[Collected data]
----------

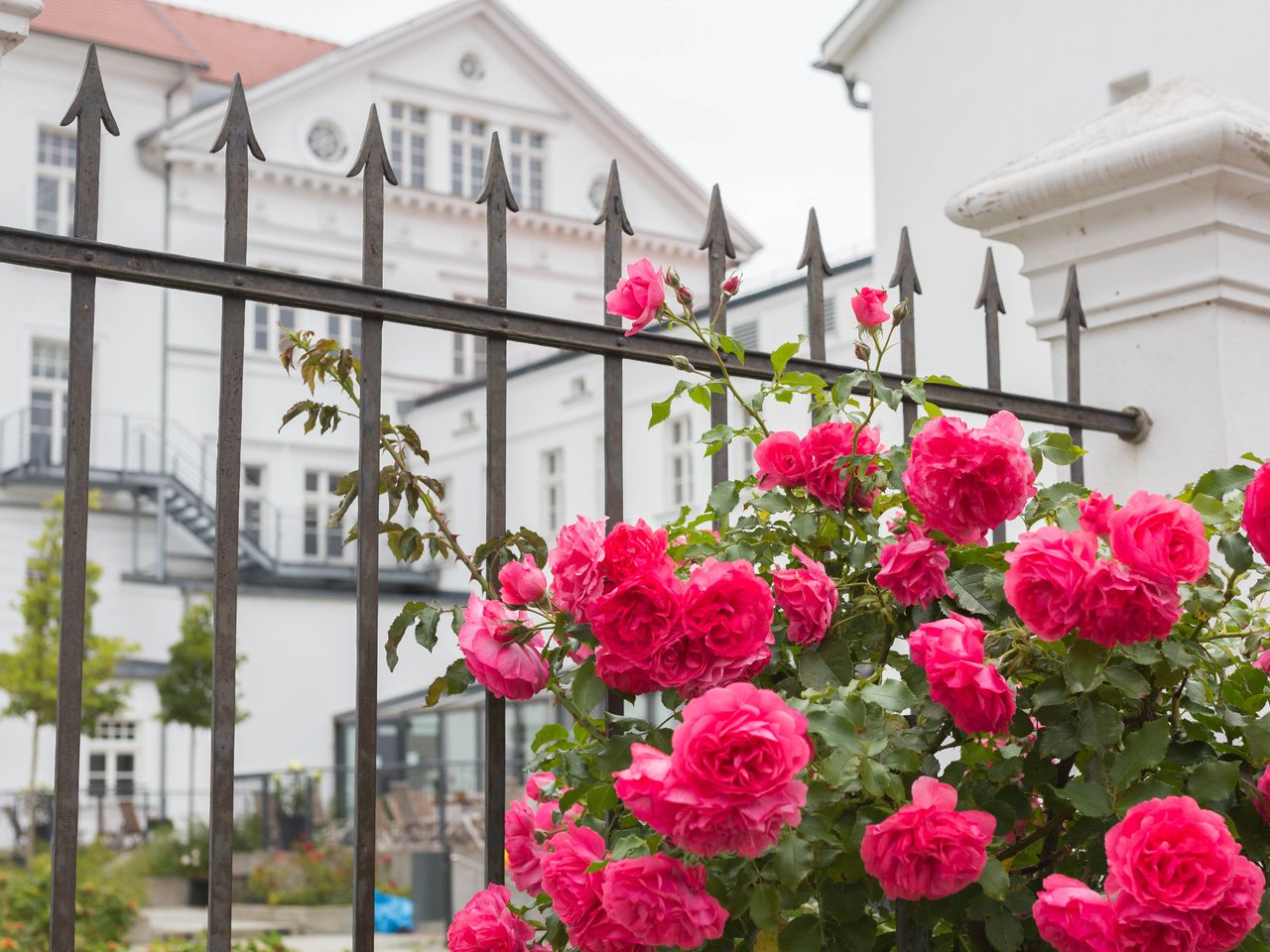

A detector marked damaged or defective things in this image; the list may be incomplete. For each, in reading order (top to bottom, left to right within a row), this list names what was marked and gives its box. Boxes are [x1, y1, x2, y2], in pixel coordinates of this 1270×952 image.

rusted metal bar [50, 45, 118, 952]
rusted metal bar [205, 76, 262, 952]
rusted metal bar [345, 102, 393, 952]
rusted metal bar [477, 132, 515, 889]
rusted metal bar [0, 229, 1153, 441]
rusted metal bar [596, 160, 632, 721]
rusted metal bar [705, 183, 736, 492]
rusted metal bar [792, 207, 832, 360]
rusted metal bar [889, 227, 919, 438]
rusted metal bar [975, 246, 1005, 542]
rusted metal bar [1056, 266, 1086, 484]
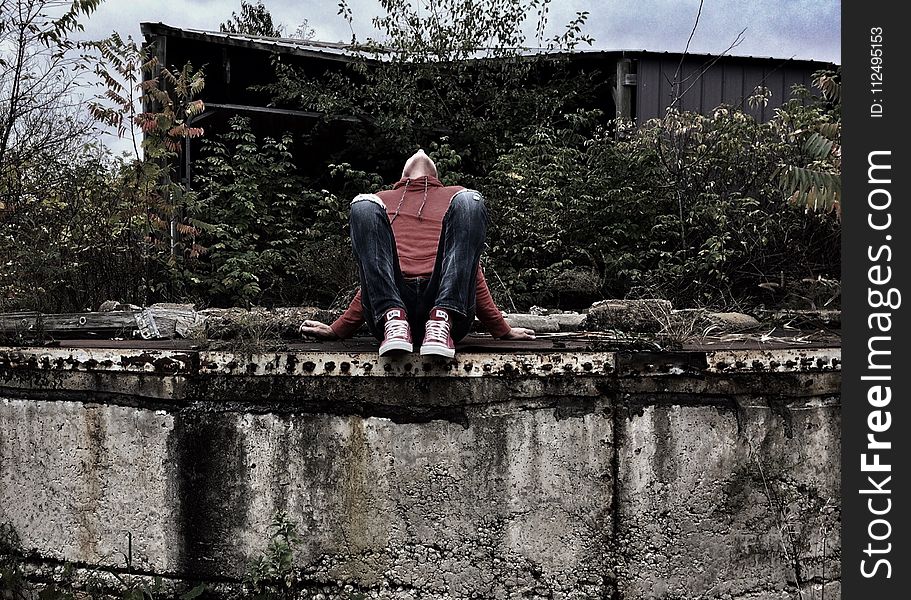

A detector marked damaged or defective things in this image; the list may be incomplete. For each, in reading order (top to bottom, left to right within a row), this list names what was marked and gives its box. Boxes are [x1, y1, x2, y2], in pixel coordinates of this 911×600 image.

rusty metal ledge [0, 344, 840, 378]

----------

Omit the pictures, then give all the lines above again exactly.

Exercise solution:
A detector marked damaged or defective things in this image; the list may be incomplete. For each, in reading order (top to bottom, left to right within a row), this list names what was marked and gives its box. Boxes are [x1, y1, x2, y2], in pixel coordinates of this 1270×952 image.

rusted metal bar [50, 45, 118, 952]
rusted metal bar [205, 76, 262, 952]
rusted metal bar [345, 102, 393, 952]
rusted metal bar [477, 132, 515, 889]
rusted metal bar [0, 229, 1153, 441]
rusted metal bar [596, 160, 632, 721]
rusted metal bar [705, 183, 736, 492]
rusted metal bar [792, 207, 832, 360]
rusted metal bar [889, 227, 919, 438]
rusted metal bar [975, 246, 1005, 542]
rusted metal bar [1056, 266, 1086, 484]

A detector marked damaged or defective things in this image; the list may be incomplete. For each, in reading order (top to bottom, left to right within a row), this list names what was marked and gives its box. Boxes are [x1, y1, x2, y2], in pixel coordinates of this 911×600 image.

rusty metal ledge [0, 344, 840, 378]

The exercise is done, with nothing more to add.